Your answer is to be every line of the material that includes the string "isThisMe".

++++

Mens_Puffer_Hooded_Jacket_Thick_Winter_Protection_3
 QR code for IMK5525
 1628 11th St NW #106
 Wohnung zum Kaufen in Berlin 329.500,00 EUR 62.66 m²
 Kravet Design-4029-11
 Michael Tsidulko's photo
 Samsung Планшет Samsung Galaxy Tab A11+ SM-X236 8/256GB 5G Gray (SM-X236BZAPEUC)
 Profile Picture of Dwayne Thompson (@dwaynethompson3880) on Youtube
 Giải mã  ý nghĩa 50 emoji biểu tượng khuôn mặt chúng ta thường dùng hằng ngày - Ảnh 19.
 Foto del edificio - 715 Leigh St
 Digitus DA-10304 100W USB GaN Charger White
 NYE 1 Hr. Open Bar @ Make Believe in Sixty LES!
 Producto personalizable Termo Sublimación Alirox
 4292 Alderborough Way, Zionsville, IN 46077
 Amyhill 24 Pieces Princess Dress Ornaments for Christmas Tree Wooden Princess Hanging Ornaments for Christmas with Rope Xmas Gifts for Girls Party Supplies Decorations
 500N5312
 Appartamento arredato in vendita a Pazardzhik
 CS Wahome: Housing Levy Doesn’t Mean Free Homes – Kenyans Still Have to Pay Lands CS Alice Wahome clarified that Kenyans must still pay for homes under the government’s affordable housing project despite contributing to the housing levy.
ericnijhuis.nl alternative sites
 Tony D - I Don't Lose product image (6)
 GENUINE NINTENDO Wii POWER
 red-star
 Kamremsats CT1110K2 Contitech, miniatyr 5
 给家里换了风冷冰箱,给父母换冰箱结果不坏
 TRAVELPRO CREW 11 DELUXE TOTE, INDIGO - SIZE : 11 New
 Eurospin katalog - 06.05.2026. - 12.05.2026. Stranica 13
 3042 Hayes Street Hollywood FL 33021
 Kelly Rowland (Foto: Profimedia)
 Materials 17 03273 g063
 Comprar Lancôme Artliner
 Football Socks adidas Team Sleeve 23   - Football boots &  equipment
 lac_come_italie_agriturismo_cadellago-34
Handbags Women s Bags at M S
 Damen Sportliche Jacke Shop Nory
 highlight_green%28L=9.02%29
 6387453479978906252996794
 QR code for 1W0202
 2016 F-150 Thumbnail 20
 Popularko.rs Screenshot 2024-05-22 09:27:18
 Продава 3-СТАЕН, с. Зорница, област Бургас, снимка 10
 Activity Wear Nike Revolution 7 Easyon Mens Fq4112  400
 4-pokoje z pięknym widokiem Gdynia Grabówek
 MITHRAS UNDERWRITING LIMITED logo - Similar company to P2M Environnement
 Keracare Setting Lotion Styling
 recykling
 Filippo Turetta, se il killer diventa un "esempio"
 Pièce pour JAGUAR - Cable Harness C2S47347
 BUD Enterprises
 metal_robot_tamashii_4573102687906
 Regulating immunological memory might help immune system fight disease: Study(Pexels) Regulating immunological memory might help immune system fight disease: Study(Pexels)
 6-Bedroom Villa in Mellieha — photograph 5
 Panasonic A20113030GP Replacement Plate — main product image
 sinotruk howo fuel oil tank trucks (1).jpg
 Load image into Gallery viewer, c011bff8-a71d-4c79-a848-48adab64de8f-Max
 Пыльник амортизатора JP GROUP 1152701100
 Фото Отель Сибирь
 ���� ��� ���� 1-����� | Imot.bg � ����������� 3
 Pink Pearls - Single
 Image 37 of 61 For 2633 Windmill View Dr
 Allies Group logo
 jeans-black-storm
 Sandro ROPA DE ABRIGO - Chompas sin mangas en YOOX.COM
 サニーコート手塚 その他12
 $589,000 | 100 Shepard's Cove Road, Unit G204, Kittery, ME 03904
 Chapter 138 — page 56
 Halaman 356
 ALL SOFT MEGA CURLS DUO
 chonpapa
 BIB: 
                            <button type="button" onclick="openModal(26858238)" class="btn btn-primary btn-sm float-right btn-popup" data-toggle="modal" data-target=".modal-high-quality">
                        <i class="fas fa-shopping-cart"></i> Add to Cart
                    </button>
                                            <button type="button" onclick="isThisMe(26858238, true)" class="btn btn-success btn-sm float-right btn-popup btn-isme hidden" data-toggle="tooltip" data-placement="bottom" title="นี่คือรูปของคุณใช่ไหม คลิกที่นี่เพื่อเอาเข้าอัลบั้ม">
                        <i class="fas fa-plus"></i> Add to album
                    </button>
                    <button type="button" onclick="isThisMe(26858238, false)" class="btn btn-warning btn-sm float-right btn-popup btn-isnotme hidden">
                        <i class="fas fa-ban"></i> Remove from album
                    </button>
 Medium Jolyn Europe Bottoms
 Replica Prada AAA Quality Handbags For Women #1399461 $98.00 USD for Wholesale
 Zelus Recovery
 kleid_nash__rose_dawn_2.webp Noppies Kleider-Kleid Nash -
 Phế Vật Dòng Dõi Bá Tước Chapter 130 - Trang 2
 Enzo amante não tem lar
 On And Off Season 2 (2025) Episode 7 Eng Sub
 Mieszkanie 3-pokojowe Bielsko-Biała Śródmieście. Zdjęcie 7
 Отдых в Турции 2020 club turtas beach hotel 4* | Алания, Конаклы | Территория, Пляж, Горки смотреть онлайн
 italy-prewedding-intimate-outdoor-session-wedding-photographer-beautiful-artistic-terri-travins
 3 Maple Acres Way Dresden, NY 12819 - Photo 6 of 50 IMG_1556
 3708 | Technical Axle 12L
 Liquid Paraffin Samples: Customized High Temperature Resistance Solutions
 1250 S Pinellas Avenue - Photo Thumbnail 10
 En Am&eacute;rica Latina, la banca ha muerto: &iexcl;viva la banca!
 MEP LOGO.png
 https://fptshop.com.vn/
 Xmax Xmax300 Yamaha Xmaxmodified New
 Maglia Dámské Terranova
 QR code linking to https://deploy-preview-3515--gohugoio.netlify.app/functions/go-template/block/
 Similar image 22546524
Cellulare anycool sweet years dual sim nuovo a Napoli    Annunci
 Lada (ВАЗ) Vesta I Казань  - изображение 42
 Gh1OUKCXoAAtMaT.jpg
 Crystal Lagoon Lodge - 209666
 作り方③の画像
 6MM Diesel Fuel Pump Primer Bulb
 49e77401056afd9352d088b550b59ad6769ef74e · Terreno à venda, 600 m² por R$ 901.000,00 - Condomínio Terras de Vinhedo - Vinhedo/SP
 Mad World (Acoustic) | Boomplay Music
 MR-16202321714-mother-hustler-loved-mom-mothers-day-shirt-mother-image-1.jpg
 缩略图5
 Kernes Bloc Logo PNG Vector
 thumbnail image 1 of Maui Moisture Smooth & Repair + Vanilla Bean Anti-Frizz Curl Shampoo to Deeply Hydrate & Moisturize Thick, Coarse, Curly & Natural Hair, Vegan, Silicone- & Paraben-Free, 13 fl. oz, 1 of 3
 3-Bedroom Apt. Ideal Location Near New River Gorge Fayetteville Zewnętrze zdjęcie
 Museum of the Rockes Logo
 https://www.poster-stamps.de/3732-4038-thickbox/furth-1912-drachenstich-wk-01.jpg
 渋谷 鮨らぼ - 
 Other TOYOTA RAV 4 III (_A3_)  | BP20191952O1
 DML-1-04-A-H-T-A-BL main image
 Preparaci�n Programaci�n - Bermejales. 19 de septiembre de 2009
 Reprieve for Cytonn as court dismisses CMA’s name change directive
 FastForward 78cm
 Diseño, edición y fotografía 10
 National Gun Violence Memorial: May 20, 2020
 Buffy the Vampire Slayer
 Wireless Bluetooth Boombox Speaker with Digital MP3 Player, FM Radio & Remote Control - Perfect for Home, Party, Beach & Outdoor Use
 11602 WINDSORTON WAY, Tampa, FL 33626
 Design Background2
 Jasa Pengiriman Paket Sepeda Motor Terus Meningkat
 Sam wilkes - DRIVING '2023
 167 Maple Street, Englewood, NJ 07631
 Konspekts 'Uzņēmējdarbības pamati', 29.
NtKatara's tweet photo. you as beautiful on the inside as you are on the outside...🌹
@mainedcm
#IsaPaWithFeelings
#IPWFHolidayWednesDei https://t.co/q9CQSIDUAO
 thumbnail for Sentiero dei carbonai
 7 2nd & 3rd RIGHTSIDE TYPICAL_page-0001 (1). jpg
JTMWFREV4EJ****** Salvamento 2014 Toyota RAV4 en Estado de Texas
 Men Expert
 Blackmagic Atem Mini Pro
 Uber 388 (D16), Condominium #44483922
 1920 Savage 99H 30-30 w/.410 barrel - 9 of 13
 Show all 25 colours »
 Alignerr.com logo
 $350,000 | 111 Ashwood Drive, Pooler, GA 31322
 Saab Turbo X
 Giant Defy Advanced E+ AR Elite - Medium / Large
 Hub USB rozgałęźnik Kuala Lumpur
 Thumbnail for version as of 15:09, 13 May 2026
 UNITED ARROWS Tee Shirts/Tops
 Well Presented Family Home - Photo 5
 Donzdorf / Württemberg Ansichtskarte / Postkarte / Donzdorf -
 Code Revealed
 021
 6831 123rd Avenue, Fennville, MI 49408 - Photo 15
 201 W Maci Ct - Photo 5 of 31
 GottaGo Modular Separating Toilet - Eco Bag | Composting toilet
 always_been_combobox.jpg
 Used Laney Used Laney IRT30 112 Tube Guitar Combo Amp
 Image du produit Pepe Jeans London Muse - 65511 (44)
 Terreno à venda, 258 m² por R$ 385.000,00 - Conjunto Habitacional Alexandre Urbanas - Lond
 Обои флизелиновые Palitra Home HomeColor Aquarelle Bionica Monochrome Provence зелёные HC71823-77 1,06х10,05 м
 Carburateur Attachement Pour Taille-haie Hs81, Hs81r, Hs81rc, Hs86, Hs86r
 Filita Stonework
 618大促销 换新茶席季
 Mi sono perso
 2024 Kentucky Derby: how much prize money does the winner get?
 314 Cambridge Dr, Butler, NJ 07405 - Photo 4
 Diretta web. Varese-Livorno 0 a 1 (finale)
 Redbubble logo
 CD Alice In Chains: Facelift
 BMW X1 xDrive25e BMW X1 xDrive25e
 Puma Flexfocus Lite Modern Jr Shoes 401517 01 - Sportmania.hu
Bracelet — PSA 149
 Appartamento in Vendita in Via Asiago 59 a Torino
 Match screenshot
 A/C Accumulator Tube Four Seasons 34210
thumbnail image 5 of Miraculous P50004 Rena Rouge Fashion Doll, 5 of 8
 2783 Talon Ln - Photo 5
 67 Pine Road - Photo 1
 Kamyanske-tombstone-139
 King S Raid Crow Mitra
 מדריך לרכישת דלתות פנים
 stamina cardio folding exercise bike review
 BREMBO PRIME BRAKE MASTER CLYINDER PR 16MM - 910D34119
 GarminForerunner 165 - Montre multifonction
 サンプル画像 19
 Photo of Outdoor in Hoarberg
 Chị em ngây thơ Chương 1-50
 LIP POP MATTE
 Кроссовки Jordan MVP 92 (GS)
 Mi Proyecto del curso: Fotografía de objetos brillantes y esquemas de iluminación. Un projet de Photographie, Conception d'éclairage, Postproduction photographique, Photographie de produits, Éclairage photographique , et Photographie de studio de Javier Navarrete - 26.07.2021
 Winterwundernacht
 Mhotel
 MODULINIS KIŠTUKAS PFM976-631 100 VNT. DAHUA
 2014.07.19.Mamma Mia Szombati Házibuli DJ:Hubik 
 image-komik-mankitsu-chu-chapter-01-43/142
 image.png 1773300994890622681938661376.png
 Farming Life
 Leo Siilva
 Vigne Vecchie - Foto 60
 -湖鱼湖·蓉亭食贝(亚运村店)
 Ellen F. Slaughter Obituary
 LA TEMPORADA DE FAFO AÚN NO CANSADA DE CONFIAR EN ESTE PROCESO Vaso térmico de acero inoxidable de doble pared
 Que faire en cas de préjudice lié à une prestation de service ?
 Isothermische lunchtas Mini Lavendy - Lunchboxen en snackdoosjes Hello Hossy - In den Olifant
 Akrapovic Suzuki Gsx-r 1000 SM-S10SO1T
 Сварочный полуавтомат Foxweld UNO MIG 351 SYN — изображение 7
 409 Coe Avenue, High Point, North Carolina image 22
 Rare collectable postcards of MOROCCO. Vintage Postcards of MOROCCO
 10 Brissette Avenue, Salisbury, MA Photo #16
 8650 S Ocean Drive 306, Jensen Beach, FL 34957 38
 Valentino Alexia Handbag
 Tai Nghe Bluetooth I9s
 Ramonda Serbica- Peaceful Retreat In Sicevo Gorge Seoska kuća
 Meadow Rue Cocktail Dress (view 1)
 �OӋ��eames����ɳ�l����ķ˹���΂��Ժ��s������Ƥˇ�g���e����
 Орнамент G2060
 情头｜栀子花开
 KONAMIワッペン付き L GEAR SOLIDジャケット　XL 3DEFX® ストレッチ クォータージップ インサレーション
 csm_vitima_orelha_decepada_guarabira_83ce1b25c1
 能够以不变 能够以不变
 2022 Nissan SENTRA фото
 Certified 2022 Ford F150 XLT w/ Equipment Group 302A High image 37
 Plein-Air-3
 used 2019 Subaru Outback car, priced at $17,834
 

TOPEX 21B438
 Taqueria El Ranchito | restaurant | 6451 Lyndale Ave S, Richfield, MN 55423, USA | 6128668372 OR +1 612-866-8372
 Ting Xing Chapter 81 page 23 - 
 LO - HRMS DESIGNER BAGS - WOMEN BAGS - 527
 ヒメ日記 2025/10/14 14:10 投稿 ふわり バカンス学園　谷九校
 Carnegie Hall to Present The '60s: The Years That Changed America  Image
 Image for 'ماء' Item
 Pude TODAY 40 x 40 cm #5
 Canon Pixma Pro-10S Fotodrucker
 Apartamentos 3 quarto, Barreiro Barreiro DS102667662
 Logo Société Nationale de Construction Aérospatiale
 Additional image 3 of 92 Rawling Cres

++++

• [Exercise answer]
                                            <button type="button" onclick="isThisMe(26858238, true)" class="btn btn-success btn-sm float-right btn-popup btn-isme hidden" data-toggle="tooltip" data-placement="bottom" title="นี่คือรูปของคุณใช่ไหม คลิกที่นี่เพื่อเอาเข้าอัลบั้ม">
                    <button type="button" onclick="isThisMe(26858238, false)" class="btn btn-warning btn-sm float-right btn-popup btn-isnotme hidden">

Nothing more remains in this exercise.